Der Neid eines Fremden
Geruch der Angst, das Auftauchen und Verschwinden seines Opfers. Die Notwendigkeit, schnell zu handeln und scharf zu denken; den Verlauf vorherzusehen und zu-rückzuverfolgen.
Selbst als er heute morgen geglaubt hatte, sich geschlagen geben zu müssen, hatte er sich lebendiger als je zuvor gefühlt. Die Tage zogen sich nicht mehr grau und eintönig dahin, sondern hatten ein neues Gesicht bekommen, als wären sie eigens für ihn aufpoliert worden. Auf gewisse Weise würde er traurig sein, wenn alles vorbei wäre, doch zugleich wußte er, daß er dann ein anderer Mensch wäre. Er wußte nicht genau, was dabei herauskommen würde, ihm war nur klar, daß er in seinen Augen und in denen der gesamten Welt vollkommen anders sein würde.
Unterdessen sah sich Sonia im Restaurant ruhig seine Liste an.
Die Jobvermittlung hatte ihr zugesichert, ihr innerhalb der nächsten vierundzwanzig Stunden jemanden vorbeizuschicken. Es war eine jener Agenturen, die sich darauf eingestellt hatten, mit jedem Problem fertigzuwerden. Die Stimme am anderen Ende der Leitung hatte einen dermaßen ungewissen, flötenhaften Ton, daß Rosa ihrerseits unsicher geklungen haben mußte, denn ihr wurde unablässig versichert, daß alles zu ihrer Zufriedenheit erledigt würde, »wie outre ihre Wünsche auch immer sein mochten«. »Erst letzte Woche haben wir einen Turmarbeiter und einen Kobold für Selfridges gestellt, und zudem haben wir einen Kameltransport zum Flughafen Stanstead organisiert.«
»Sehr schön.« Rosas Stimme klang belegt. Vor nicht allzulanger Zeit hätte sie sich über eine so köstliche Auflistung von Jobs amüsiert und sie sich gemerkt, um sie Leo zu erzählen. »Er wird also morgen früh hier sein?«
»Um halb zehn.« Als das Gespräch bereits beendet schien, fügte die Stimme hinzu: »Oh - ich hoffe, Sie haben nichts gegen Schauspieler?«
»Um Himmels willen, nein.«
»Ein großer Teil unseres Personals setzt sich aus Schauspielern zusammen. Sie warten ständig auf irgendwelche Engagements, wissen Sie?«
»Na ja, solange er nicht auf meine Kosten wartet...«
Dieser scharfe Tonfall kam nicht gut an. Die Flötenstimme klang leicht verstimmt, als sie sich verabschiedete: »Auf Wiederhören, Mrs. Gilmour.«
Jetzt wartete Rosa darauf, daß dieser unbekannte Schauspieler seinen Einzug hielt. Sie freute sich auf seine Gesellschaft, sie, die es früher kaum abwarten konnte, das Haus für sich zu haben. Sie bezweifelte, daß er ebenso tüchtig wie Mrs. Jollit wäre. Andererseits würden ihr die unheilbaren Neurosen erspart bleiben. Es klingelte an der Haustür.

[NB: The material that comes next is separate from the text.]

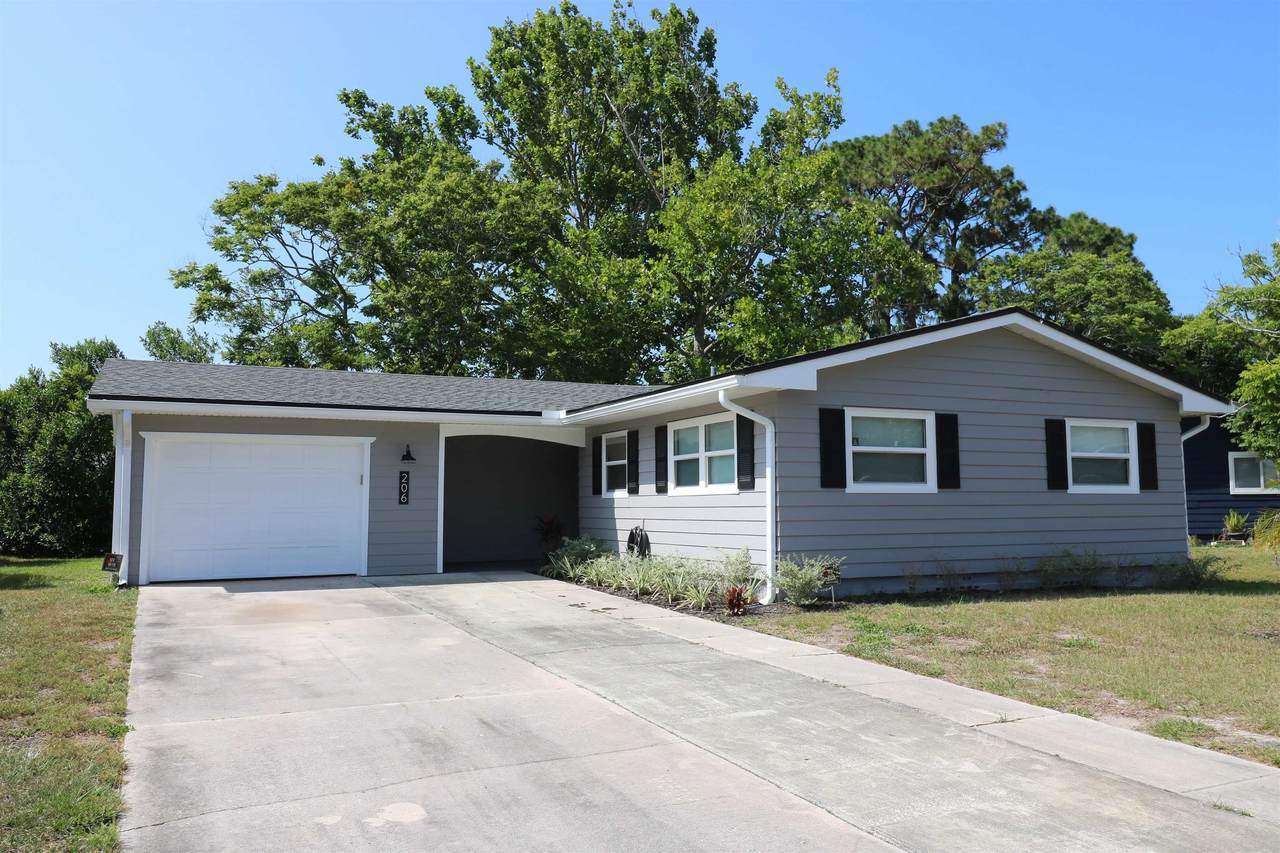 206 Phoenetia Dr - Photo 1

Als sie in die Diele ging und hinter der farbigen Türverglasung einen großen, dunklen Schatten sah, überfiel sie für einen Augenblick ein Gefühl der Angst. Sie hätte eine Türkette anbringen lassen sollen. Darum würde sie sich auch heute kümmern, bevor sie ins Studio ging. Auf der Hauptstraße gab es einen Eisenwarenhändler. Sie machte die Tür einen Spaltbreit auf und guckte hinaus.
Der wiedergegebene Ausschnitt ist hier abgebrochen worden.